Since the initial collaboration in 2000, the N.J.-based provider of refrigeration warehousing and logistics has since tapped Cognizant to maintain its IBM AS/400-based warehouse management system. It's also integrating radio frequency identification technology into the company's existing electronic data interchange and warehouse management systems, says director of information systems Tim Brennan.
"We experienced a learning curve and a cultural learning period," says Brennan.
"We were pretty intuitive, and I felt strongly that [Cognizant] had to be part of the IT team," he explains.
So Brennan visited the Cognizant offices in Chennai and Bangalore in January 2000, and he and other executives at U.S. Cold Storage encouraged the Cognizant team members from both the U.S. and India to visit its plants in California, Illinois and Texas to gain a better understanding of its business. "They were an amazingly quick study," says Brennan.

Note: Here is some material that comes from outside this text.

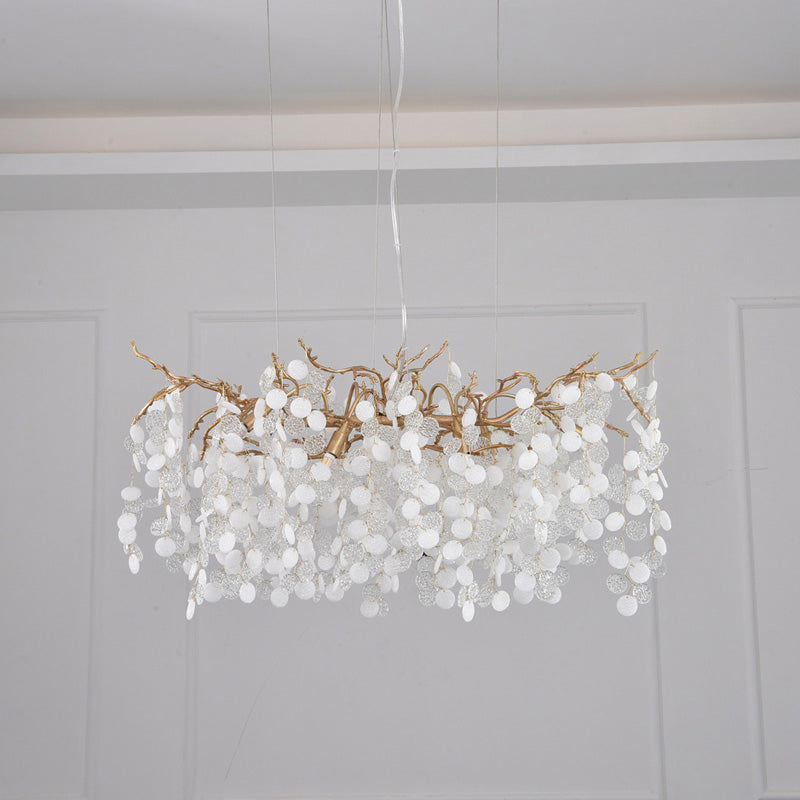 chandeliers in living room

"They were up to speed and coding within a couple of months, which is amazing given the complexities of our business."
Lesson learned: Taking time upfront to get a head start on the learning curve pays off on the back end.
The more U.S. companies deal with offshore outsourcers, the more complex and demanding the relationships prove to be. But among the many lessons to be learned from offshore experiences is that, like any vendor relationship, offshore partnerships need time, resources and patience to develop properly.